Die Seite "Frag den Staat" ist ab sofort online, teilte die Betreiberorganisation Open Knowledge Foundation Deutschland am Montag in Berlin mit. Auf ihr können Bürger, Journalisten und Initiativen Hilfe beim Abschicken ihrer Anträge auf Akteneinsicht erhalten, zudem werden die Antworten später für alle zugänglich im Internet angezeigt.

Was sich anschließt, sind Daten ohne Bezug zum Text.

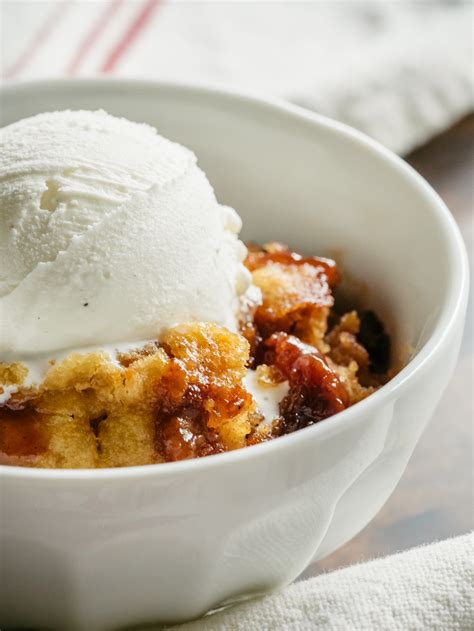 Slow Cooker Peach Cobbler – 12 Tomatoes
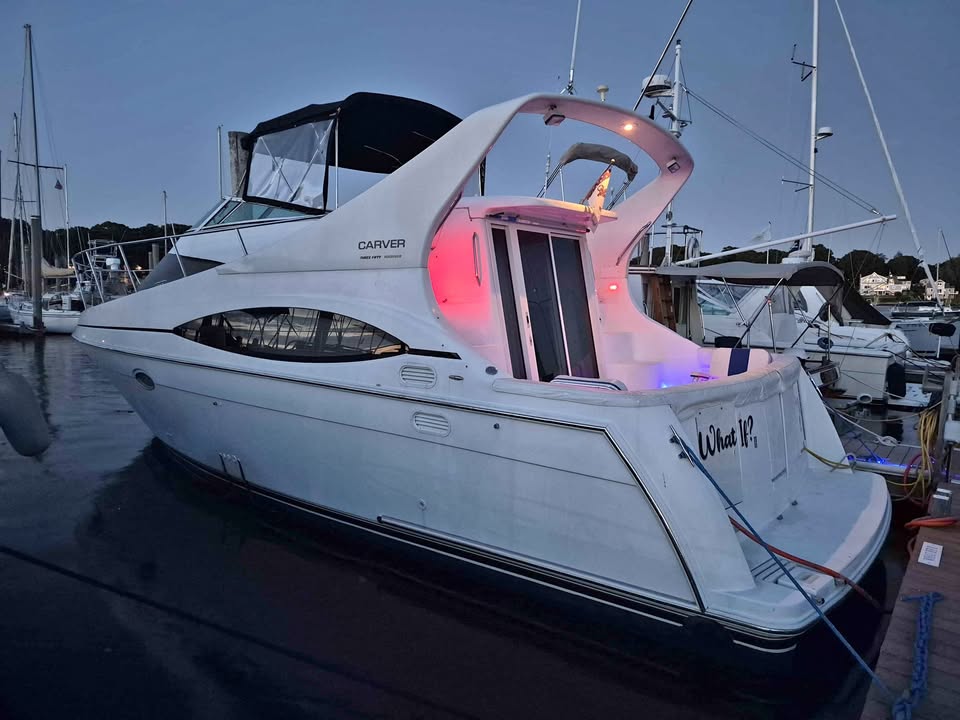 2000 Carver 350 mariner for sale in Swansea, MA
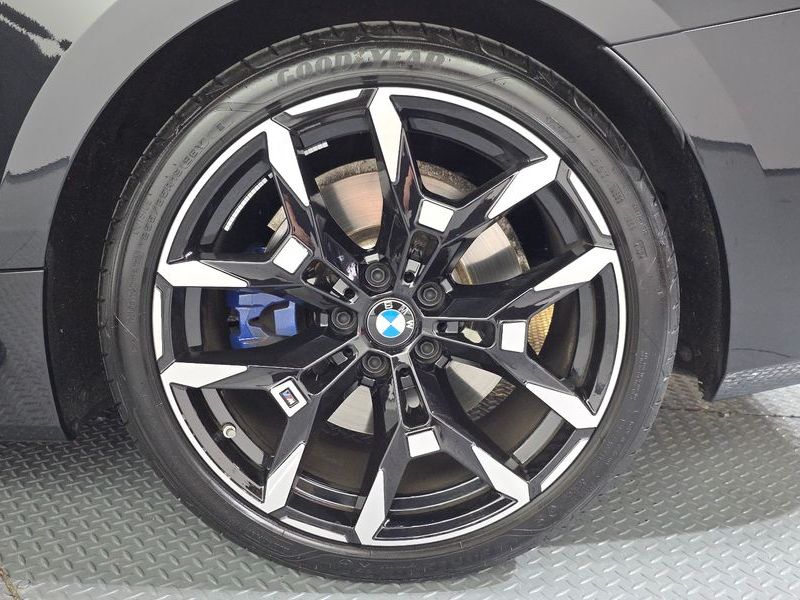 2025 BMW 4 Series 420i M Sport Convertible photo 21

Die Initiative bietet dafür ein vorbereitetes Internet-Formular an, in das Nutzer nur noch ihre jeweilige Anfrage eintragen müssen und das dann über die Plattform verschickt wird. Bei Bedarf ermittelt die Plattform auch das für die jeweilige Frage zuständige Bundesministerium oder die Bundesbehörde. Antworten gehen an "Frag den Staat" und werden zusammen mit der Anfrage veröffentlicht.

Mit der Internetplattform will die Organisation Bürger dazu ermuntern, die Möglichkeiten zu nutzen, interessante und potenziell brisante interne Dokumente aus Bundesministerien und -behörden einzusehen. Das Bundes-Informationsfreiheitsgesetz trat 2006 in Kraft. Weitere Chancen ergeben sich auch aus dem Umwelt- und dem Verbraucherinformationsgesetz. Für die Ministerien und Behörden der Bundesländer gelten diese Regelungen nicht. Elf Länder haben inzwischen aber ebenfalls Informationsfreiheitsgesetze.

"Vielen Bürgerinnen und Bürgern sind die Möglichkeiten und Chancen der Bundesgesetze, nach denen Akteneinsicht beantragt werden kann, nicht bekannt", teilten die Betreiber zum Projektstart mit. Die Internetseite solle dazu beitragen, die Hürden für Anfragen zu senken. Zudem könne durch die zentrale Veröffentlichung eine größere Öffentlichkeit von den Anträgen profitieren, darüber hinaus würden Mehrfachanträge zu einem Thema vermieden.

Unterstützung erhält die Initiative der Open Knowledge Foundation von elf namhaften Organisationen und Vereinen. Darunter befinden sich Transparency International, die Initiative Mehr Demokratie, der Deutsche Journalisten-Verband und die Journalistenorganisation Netzwerk Recherche. "Mit Hilfe des Web lässt sich ein mächtiges, demokratisches Werkzeug wie die Informationsfreiheit optimal nutzen", erklärte Projektleiter Stefan Wehrmeyer.